Gut artikuliert seitens der Protagonisten und dynamisch in der Gestaltung offenbart die Tübinger Inszenierung einen „heiter-melancholischen Abgesang“ auf die gegenwärtige Lebens- und Arbeitswelt und warnt vor den Gefahren einer entfesselten KI. Diese Aussichtslosigkeit und das Eingesperrt sein zelebriert Sabine Weithöner voller Energie und fein ziselierter Dramatik in ihrer Rolle als Person.

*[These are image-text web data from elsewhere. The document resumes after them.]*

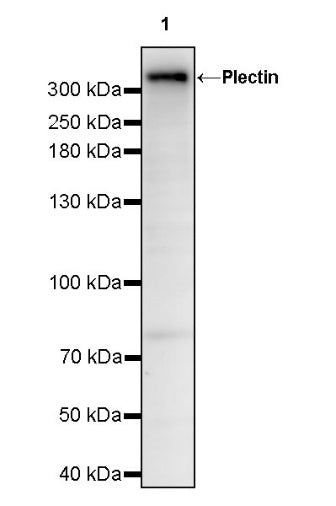 Plectin Recombinant Rabbit mAb (S-721-326)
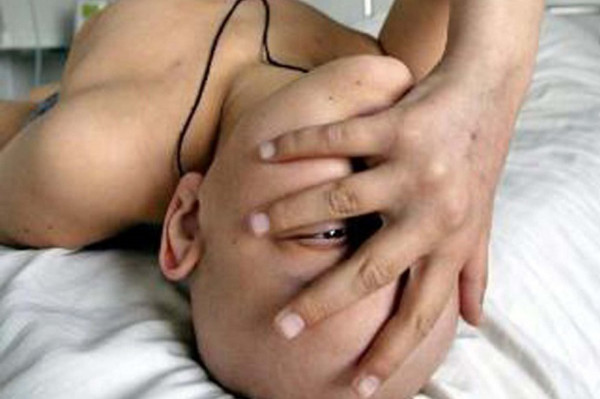 Se abre una puerta al tratamiento de un tipo de leucemia infantil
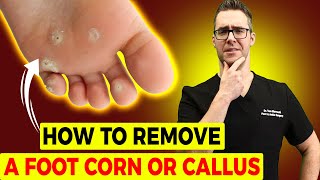 How to REMOVE Thick Dry Skin, Calluses & Corns [HOME Remedies]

Total überwacht – Kalorienzahl, Schlafdauer – alles ist geregelt in der „Wonderland Avenue“ - und begleitet vom Grimassen artigen Dauerlächeln der Maschinen bleibt dem Menschen - über seine Wünsche sinnierend und in Grundsatzfragen vor sich hin philosophierend – nur, sich dem Gefangensein zu ergeben.
Regisseur Flocken packt das in starke Bilder und gibt dabei auch stillen Szenen innerer Verzweiflung Raum, die Sabine Weithöner intensiv ausspielt, emotional glaubwürdig und immer wieder konterkariert durch den kongenial agierenden Maschinen-Chor in seiner punktgenauen Choreografie. Das Ensemble offeriert dabei eine adäquate unterschiedliche Tonalität und absolut souveräne Darstellung – unterstützt vom aussagekräftigen Text der Science-Fiction-Komödie. Hineingeschickt in die sinnfreien Wettbewerbe der Personen gegeneinander kristallisiert sich das Fazit dieser schönen neuen Welt heraus: „Es braucht den Menschen nicht mehr.“ Der darf hinüber wandeln in den „perfekten Zustand“, das „perfekte Dasein“, was das auch immer in seiner Ungewissheit bedeuten soll: eine erschreckende Vision - dargeboten in einer überzeugenden und energiegeladenen glaubwürdigen Inszenierung.
Reutlinger General-Anzeiger, 3. Dezember 2024
(von Christoph B. Ströhle)
Bitterböser und komischer Abgesang: Sibylle Bergs Dystopie »Wonderland Ave.« am Landestheater Tübingen
Ein wunderbar pointiertes, lebendiges Zusammenspiel
Schwäbisches Tagblatt, 3. Dezember 2024
Der Horror in der Wellness-Oase
(von Dorothee Hermann)
Mit „Wonderland Ave.“ von Sibylle Berg gelingt dem Landestheater Tübingen eine zugleich absurd komische und beklemmende Expedition zu den Abgründen und Ähnlichkeiten zwischen Mensch und Roboter.
Cul-Tu-Re.de, 1. Dezember 2024
(von Martin Bernklau)
Rauschender Beifall und zahllose Vorhänge bei der Premiere. Das Stück lohnt sich.
Die Deutsche Bühne, 1. Dezember 2024
(von Manfred Jahnke)
Sascha Flocken inszeniert am Landestheater Tübingen eine Dystopie mit bedrohlichem Maschinenchor und verliert trotz düsterer Materie nicht die Leichtigkeit.